The delay in staging this FA Cup third-round tie had given Sky Blues' fans an extra 10 days to reminisce over their shock defeat of Spurs in the 1987 final, but any prospect of further happy memories to alleviate the pain of last season's relegation were quickly dismissed.
Tottenham controlled the match throughout, scoring after 23 and 51 minutes through Gus Poyet and Les Ferdinand. As well as showing Coventry that the gap between them and the Premiership is widening at a frightening pace, Spurs booked a home tie against a Bolton side they have already defeated twice at White Hart Lane this season. The latter victory, in the Worthington Cup quarter-final, was by 6-0 but Bolton will presumably field a full-strength side on 26 January.
Coventry had done their best to rekindle the spirit of the '87 triumph by preceding the tie with a parade of that side. Most wore the years well, and Brian Kilcline's hair was a wonder to behold. If ZZ Top are ever short of a front-man, they know where to find him.
Headliners of a different kind were missing when the action started. Whoever is in charge at Tottenham, be it Gerry Francis, George Graham or Glenn Hoddle, they will never be alone in the treatment room. The roll-call of absent seniors stood at nine last night, eight injured and Teddy Sheringham suspended. Given the resources available to Premiership clubs, sympathy, however, should also be suspended.
Coventry were far more affected by the absence of six players, including Lee Hughes and Youssef Chippo, either injured, suspended, or in Mali with Morocco for the African Nations' Cup. While Spurs could bring in Sergei Rebrov, Coventry gave a rare start to Robert Betts.
He was among several players to attempt long-range shots as Coventry started eagerly but ineffectively. Spurs, probing through the passing of Darren Anderton and Tim Sherwood, and the running of Simon Davies, were far more polished. It was this trio which opened up the First Division side for Tottenham's opener. Sherwood and Anderton combined to free Davies on the right and his cross was nodded in by Poyet for an impressive ninth goal of the season.

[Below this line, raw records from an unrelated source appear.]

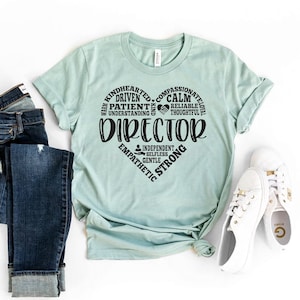 Op de afbeelding: Een lichtblauw T-shirt met een zwart hartvormig ontwerp. Het hart is gevuld met woorden die positieve eigenschappen beschrijven, waaronder "warm", "goedhartig", "meelevend", "gedreven", "geduldig", "begripvol", "kalm", "betrouwbaar", "nadenkend", "trouw", "onafhankelijk", "zelfloos", "vriendelijk", "empatisch" en "sterk". Het woord "DIRECTEUR" staat in grote letters over het hart.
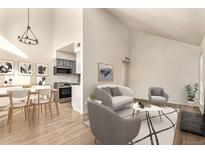 Bright living room features a fireplace and access to a balcony at 3549 S Fairplay Way # 10, Aurora, CO 80014
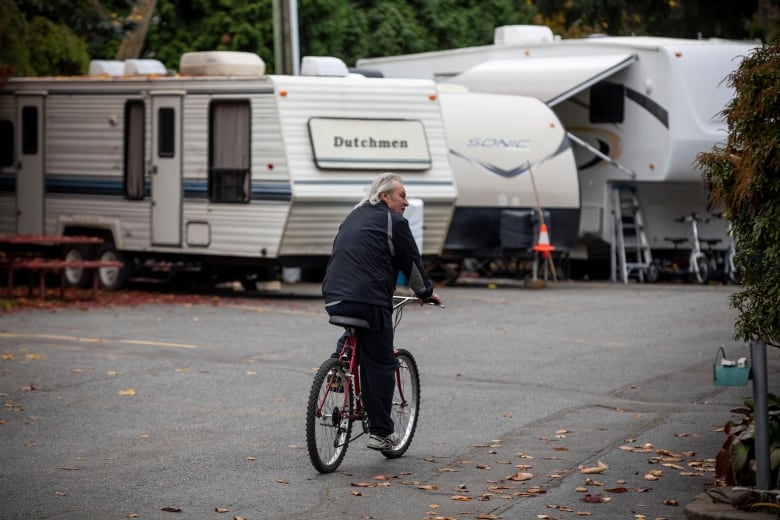 A man bikes through an RV park.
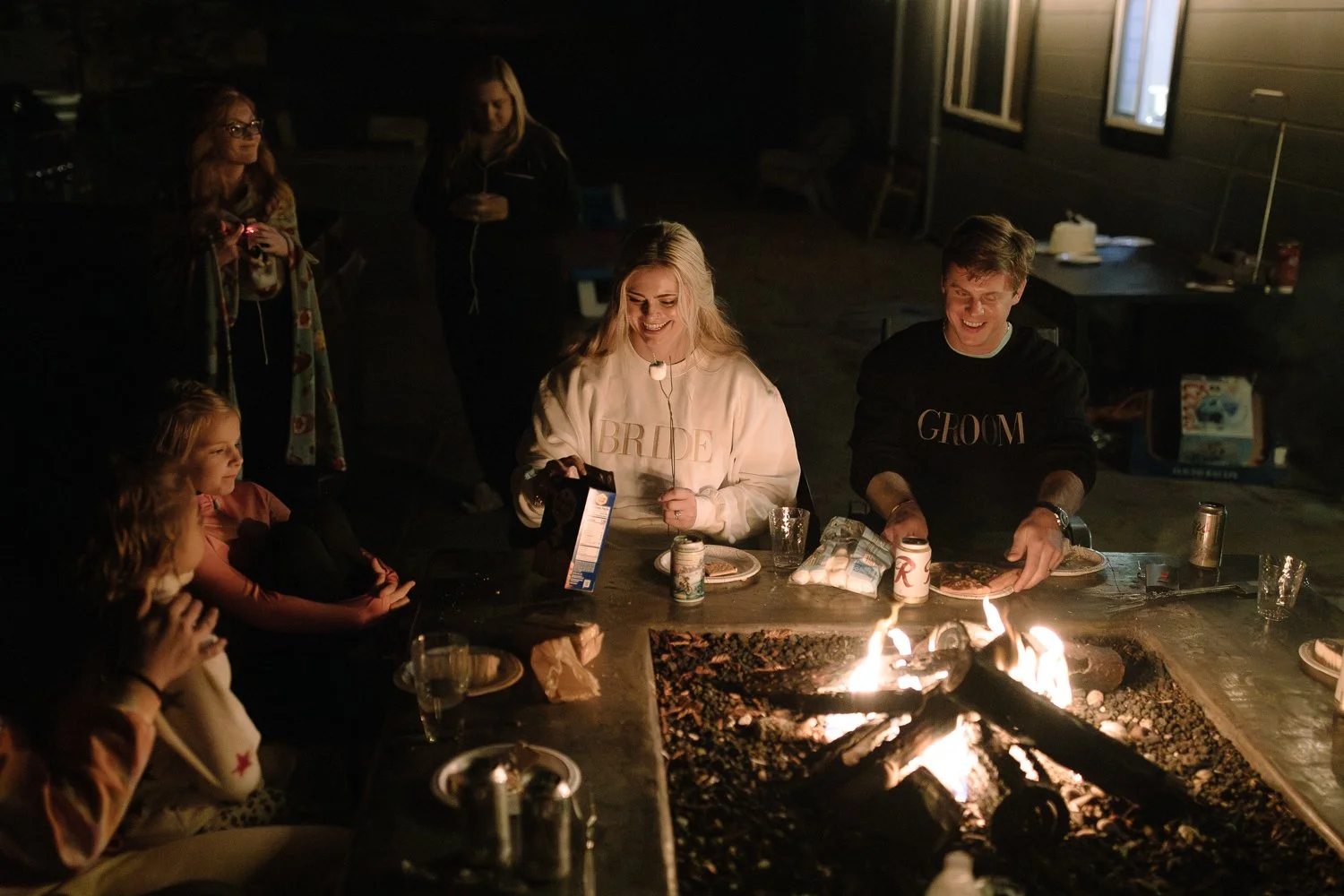 Couple and friends gathered around a fire pit making s’mores after their wedding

Spurs continued to press and Ferdinand twice went close to doubling the lead. Coventry, unable to retain midfield possession, sought to respond by freeing Julian Joachim's pace. After 31 minutes they succeeded. A scuffed Poyet shot enabled David Thompson to break away, but Joachim's shot was weak.

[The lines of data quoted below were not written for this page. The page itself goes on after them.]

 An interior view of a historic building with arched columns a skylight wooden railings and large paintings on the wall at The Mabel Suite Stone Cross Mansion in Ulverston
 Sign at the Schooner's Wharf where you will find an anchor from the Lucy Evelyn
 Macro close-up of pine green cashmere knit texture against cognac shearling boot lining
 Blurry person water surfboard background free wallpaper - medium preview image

Spurs had Coventry chasing shadows but they were doing the same when half-time arrived in 1987 at Wembley, only to be caught by an unexpected equaliser. Hoddle may have reminded them of that for Ferdinand, Rebrov and Mauricio Taricco had all gone close before Spurs added their second. Thompson, lively but limited, lost the ball in midfield and Spurs broke. Rebrov fed Anderton, whose cross was turned against his own post by Gary Breen. Ferdinand tapped in the rebound and a bad 30 seconds was completed for Breen when he was booked for shirt-pulling earlier in the move. Credit to Neale Barry for a good advantage.
Spurs initially eased up but, after watching Lee Carsley and Joachim both shoot over, they regained control. Unlike in 1987 they did not let it slip again.
"This could have been a banana skin for us but it was a very professional performance," Hoddle said. Of his goalscorers, combined age 69, he added: "Age is not a problem. These guys look after themselves."
Coventry City (4-5-1): Hedman; Shaw, Konjic, Breen, Antonelius (Martinez, 72); Joachim, Carsley (Quinn, 69), Betts, Edworthy, Thompson; Bothroyd (Delorge, 79). Substitutes not used: Fowler, Hyldgaard (gk).
Tottenham Hotspur (3-5-2): Sullivan; Perry, Richards, King; Davies, Anderton (Leonhardsen, 79), Sherwood, Poyet, Taricco; Ferdinand (Iversen, 72), Rebrov. Substitutes not used: Keller (gk), Etherington, Gardner.